The dynamics of softball involve so many variables that it is impossible to predict them all with any high level of certainty. For instance, you can never be sure of the pitch you’re about to receive, or if you will even make contact with the ball once you swing. After all, hitting a fast-moving, spinning ball cleanly with a round bat is no easy feat.  Without a doubt, the magnitude of the COVID-19 crisis transcends sports, but still, through athletics, I have developed a heightened understanding of circumstantial uncertainty and utter disappointment.

One thing that is certain in softball is that you will indubitably fail time and time again.  But even if you fail seven out of 10 times, you’re still considered a very good hitter. At the professional levels, an elite hitter gets on base roughly 30% of the time and anything above that is truly impressive. As may be expected, in a sport where you constantly face defeat every time you are up to bat, you learn to have a short-term memory, make quick adjustments and keep swinging away. Naturally, the best players develop a very high level of resilience. In this pandemic, resilience is key to moving forward.

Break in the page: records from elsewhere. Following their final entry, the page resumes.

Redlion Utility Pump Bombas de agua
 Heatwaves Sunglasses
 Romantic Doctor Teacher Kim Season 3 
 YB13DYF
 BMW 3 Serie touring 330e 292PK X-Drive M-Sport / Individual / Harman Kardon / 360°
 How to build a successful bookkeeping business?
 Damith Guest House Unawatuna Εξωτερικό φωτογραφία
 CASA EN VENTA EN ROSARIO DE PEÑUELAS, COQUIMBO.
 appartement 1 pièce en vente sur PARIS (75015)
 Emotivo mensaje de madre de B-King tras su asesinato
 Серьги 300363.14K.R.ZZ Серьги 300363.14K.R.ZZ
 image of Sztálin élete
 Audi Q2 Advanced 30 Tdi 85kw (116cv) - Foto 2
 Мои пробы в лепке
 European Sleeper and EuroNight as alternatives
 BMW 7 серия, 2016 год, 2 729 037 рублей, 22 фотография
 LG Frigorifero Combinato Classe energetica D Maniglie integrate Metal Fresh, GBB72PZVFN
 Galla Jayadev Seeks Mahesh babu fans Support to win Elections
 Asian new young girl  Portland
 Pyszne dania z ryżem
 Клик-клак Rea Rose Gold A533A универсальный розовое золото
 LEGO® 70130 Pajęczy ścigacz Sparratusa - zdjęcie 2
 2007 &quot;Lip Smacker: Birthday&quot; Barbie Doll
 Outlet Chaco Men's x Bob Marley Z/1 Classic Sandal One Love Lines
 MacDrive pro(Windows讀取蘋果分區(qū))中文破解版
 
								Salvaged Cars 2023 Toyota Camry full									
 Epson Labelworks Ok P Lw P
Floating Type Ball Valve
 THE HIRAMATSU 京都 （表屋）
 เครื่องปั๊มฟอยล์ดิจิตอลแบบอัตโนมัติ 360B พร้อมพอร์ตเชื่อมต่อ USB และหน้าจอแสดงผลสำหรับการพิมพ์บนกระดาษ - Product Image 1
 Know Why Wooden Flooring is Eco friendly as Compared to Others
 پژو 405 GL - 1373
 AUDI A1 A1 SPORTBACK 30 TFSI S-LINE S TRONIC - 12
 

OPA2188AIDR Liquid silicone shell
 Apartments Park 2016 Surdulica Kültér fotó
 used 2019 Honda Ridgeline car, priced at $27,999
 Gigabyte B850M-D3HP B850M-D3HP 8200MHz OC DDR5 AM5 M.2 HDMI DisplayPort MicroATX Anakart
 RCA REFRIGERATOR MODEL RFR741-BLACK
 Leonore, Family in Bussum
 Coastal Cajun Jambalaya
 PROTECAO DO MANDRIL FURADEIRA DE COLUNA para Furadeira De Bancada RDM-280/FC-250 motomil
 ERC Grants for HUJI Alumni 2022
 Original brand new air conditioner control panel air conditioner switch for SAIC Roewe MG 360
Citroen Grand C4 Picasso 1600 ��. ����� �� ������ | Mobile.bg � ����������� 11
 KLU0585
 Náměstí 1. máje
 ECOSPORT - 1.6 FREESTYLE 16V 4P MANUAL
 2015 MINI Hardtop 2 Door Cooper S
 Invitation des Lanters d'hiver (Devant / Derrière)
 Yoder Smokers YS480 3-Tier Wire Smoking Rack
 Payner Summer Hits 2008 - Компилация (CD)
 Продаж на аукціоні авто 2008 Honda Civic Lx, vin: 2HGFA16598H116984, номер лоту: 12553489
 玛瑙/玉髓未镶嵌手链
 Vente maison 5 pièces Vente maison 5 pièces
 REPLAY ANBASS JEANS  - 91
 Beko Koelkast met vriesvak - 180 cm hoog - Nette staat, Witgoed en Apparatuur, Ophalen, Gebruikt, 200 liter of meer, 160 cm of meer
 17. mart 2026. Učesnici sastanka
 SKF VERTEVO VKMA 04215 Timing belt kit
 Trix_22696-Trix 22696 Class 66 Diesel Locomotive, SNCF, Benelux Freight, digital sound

My coaches would often say, “Don’t let the umpire take the game away from you!” When I was young, I didn’t fully grasp what this meant. I thought perhaps it meant to “Be aggressive!” or “Don’t strike out looking!” But now, I interpret it to mean, “Don’t lose sight of the difference between what you can and can’t control.”  In the game, just like in life, there are certain things totally outside of your control — the weather, who’s umpiring, or the calls they make. Don’t focus on those. When things happen in the game that are unexpected, it’s easy to get caught up in the moment. It’s easy to get emotional, lose sight of yourself, and let the speed of the game outpace you. Instead, exert your efforts on managing and commanding the “controllables.” This spring, many athletes and non-athletes alike were drastically affected by something completely out of our control. I hope that once we are all able to pick our routines back up, we can find some semblance of normalcy in the post-pandemic world, and that we remember to zone in on the “controllables.”

We must bear in mind that we’re in this together. We’re a team, and only as a team will we be able to overcome this pandemic. I’ve always been a fan of team sports. There’s something special in knowing that you are an integral piece of something much larger than yourself. The paradox of team sports is simple yet complex; without you the team can’t win, and without the team, you can’t win. In this game of life, we must all rely on one another to stand a chance at achieving victory.